Professors should be willing to give up their own preconceptions in honor of emphasizing the student’s place in the exchange of knowledge because, he explained, the student’s experience is more important than the teacher’s. To illustrate his point, Miller-Lane pointed to a quote from author and educator Parker Palmer: “To teach is to create a space, not to fill it.”

Said Miller-Lane, “We often assume as professors that the syllabus must pre-exist the arrival of the student and that the essential content pre-exists the arrival of the student. That’s a really interesting assumption to unpack, and this statement – to teach is to create a space – suggests that maybe there is something in the interaction between us that is at the heart of what learning means.

“Space for what then? If teaching is to create a space, where do we go but to John Dewey with this beautiful sentence: ‘Intelligently directed development of the possibilities inherent in ordinary experience.’ That’s what we are creating a space for. Where learning [is] acquiring abilities to engage that.”

Penny Campbell, senior lecturer in dance, said, “I am an improviser. That’s the bottom line in my life, [and] what I have been doing the whole time I have been here is bringing the body into the classroom, bringing the body to the center of our inquiry and our study.”
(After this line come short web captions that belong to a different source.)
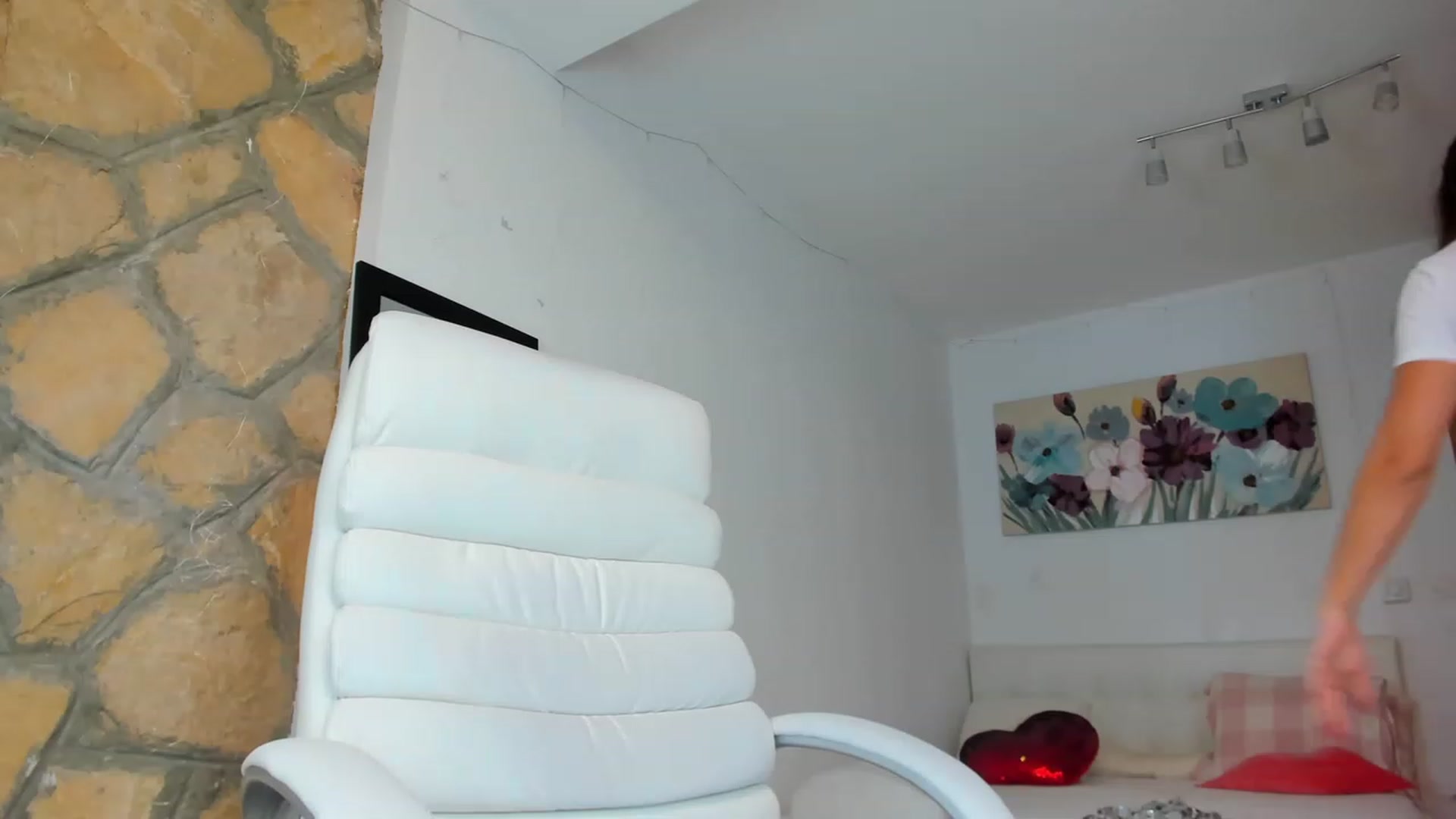 Gallery image thumbnail from AnnasCloset's myfreecams stream on, 03/22/2023, 04:38 image 8 of 20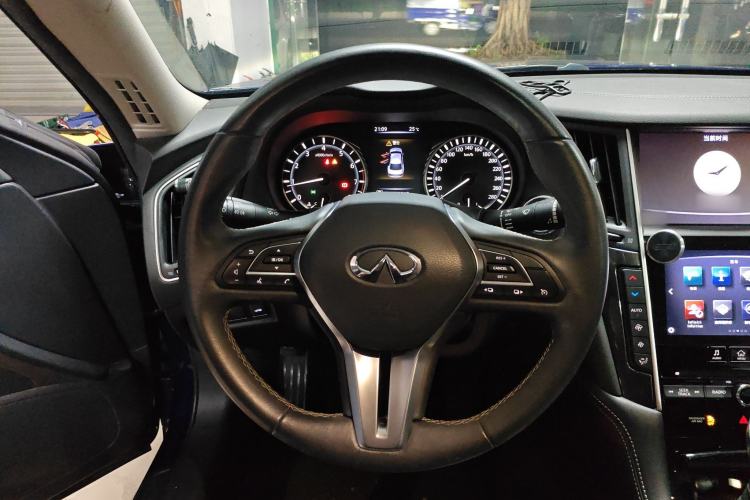 Used Infiniti Q50L 2018 2.0T Comfort Edition China VI Standard Steering Wheel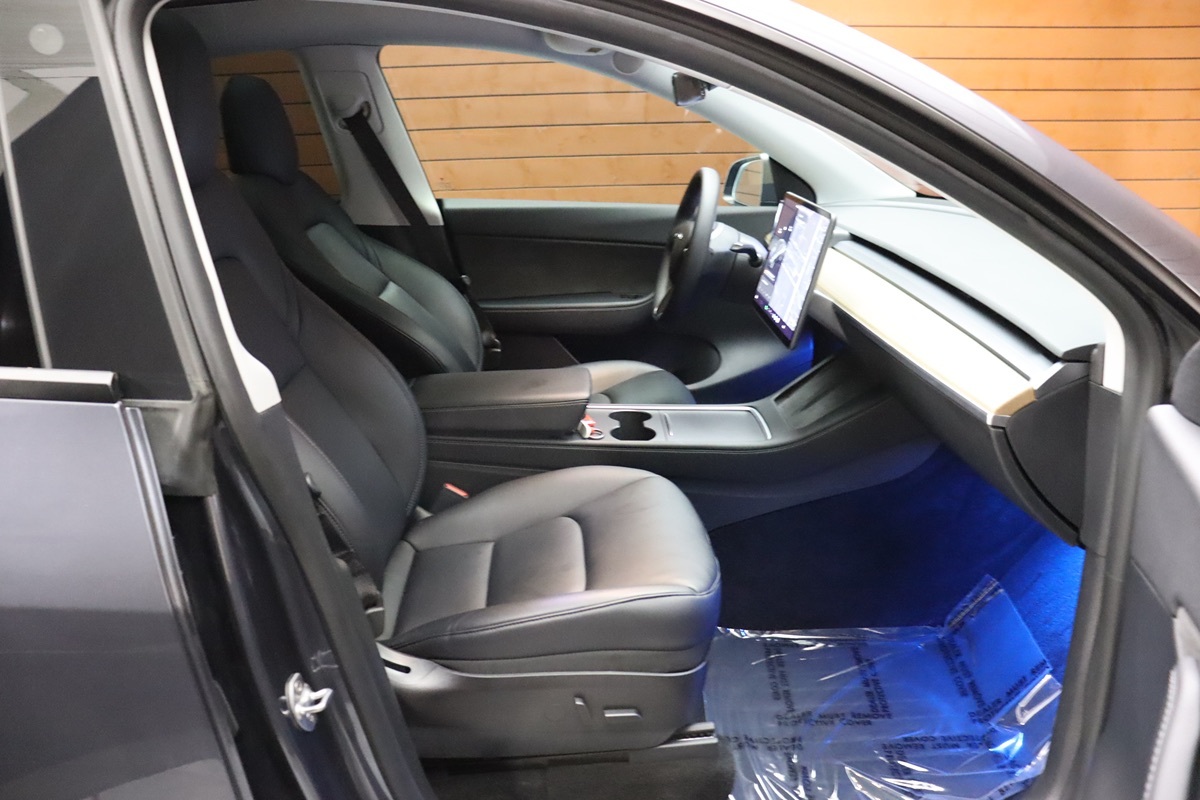 2021 Tesla Model Y Long Range photo 23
To foster improvisation, Campbell puts her dance students into situations without actually telling them what the expectations are. (She demonstrated her point by asking the audience of faculty, students, staff, and Middlebury parents to put their arms in the air and move them around. Some people moved their arms about wildly while others were more passive. Still others declined her request. But the point of the exercise soon dawned on everyone: our bodies were front and center, and none of us knew beforehand what the outcome of the exercise would be.)

“Living on the edge of chaos is something we can learn to do. We can learn the skills of operating that way. And also, we can have faith that if we are developing this amazing system of perception that the body-mind is – a continuous, active, self-organizing system in a way – if we can learn how to use that and open it and learn how to be comfortable with it, because I think we live in a culture that’s very, very suspicious of bodies.”

Every one of us has an “enormous amount of potential as a living being to perceive and pay attention to ourselves, to our environments, to the people around us, to what is going on” in life, and Campbell probes that potential in her students through improvisation.

The panel was moderated by Professor James Calvin Davis, the associate vice president of academic affairs, and was organized by his office to further the campus-wide conversation on the future of the liberal arts.

The next program in the series called Core and Change in the Liberal Arts will be held on Thursday, Feb. 28, at 4:30 p.m. in room 220 of Bicentennial Hall. Speakers from three academic disciplines and from Library and Information Services will broach the question: How can we use emerging technologies to support Middlebury’s mission “to cultivate the intellectual, creative, physical, ethical, and social qualities essential for leadership in a rapidly changing global community?”